For what a nuclear facility costs to build, buying equivalent solar would probably get you an order of magnitude more energy production, even factoring the additional transmission capacity you'd need to buy alongside it. You could almost certainly get at least the same value out of a combination of wind, solar, transmission, and medium-term energy storage. And end up with a far more resilient grid in the process. And also not be blighting a couple square miles of riverside real estate.
Well, I'd say that this argument is just as simplistic and binary. I'm in no way an expert, but from what I've gathered, nuclear power is nowhere near the clean power with long term storage as the only issue that many people seem to think. Mining is extremely dirty and nobody wants an uranium mine in their backyard. Yeah, next gen nuclear reactors that run on depleted uranium sound great in theory. Too bad they are just one corner closer from cold fusion. I am too for nuclear power because of pragmatic reasons so we can shelve fossil fuels until we have better, but pretending it is unproblematic is ridiculous and plain stupid.
Edit: It seems I have the unpopular opinion around here for saying that nuclear power is not entirely unproblematic. Gasp, my pearls!

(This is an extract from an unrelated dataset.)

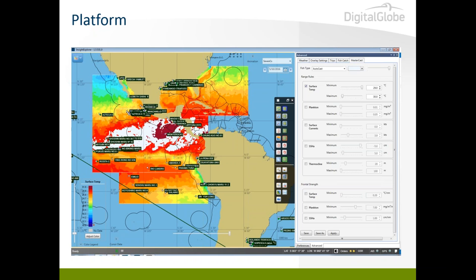Is the system only usable in Southeast Asia? No — this is an absolutely global system. We can serve any area in the world. Every data set that Allison listed is available across the globe.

In the mind of the pro-nuclear advocate, they imagine oil and coal plants being decommissioned and beautiful, brand new super perfect never failing nuclear plants taking their place. In these dreams these nuclear plants are never made by the lowest bidder, are never under staffed or inadequately maintained, are never involved in war, are never targeted by terrorists, and are never struck by acts of God. These plants have perfect supply chains whose materials are exactly as durable as described and never less. They are run by people that will, quarter after quarter, year after year, never take shortcuts for profit or make decisions that will negatively affect the plant or the people working there. You see, even the capitalists are perfect little angels in this perfect plan that makes perfect sense.
Because what they're selling is a perfect version of a perfect nuclear plant. All inputs and outputs are perfect with the very small exception of the nuclear waste of course, which they have a perfect answer for as well. You see, we will perfectly store and perfectly wait for a perfect answer to our perfectly nightmarish waste product from our perfect energy source.
hey bro its cleaner than oil
hey bro we could get rid of coal
hey bro it's super safe that's why my plan calls for it to be built in South Dakota
No thanks. We don't need to jump out of the frying pan and into the fire to prove our environmentalism. Renewables are here. Let's make the great leap forward of this generation be the deployment of renewables on an unimaginable scale.
Even the baseline assumption that oil producing countries and corporations would just sit there and let it happen is so patently absurd that it's hard to take the conversation seriously at all. Sure buddy, Exxon and Saudi Arabia aren't going to deploy their armies of lobbyists and use their cartel to undermine the wholesale transition away from their product.
Sure buddy. Environmentalists against nuclear are binary thinkers but our idea of using nuclear isn't just naive magical thinking. Sure.
I'm starting to believe that ecology parties are actually conservative and liberal, trrgeting the non fascists bourgeois who feel bad about the environment.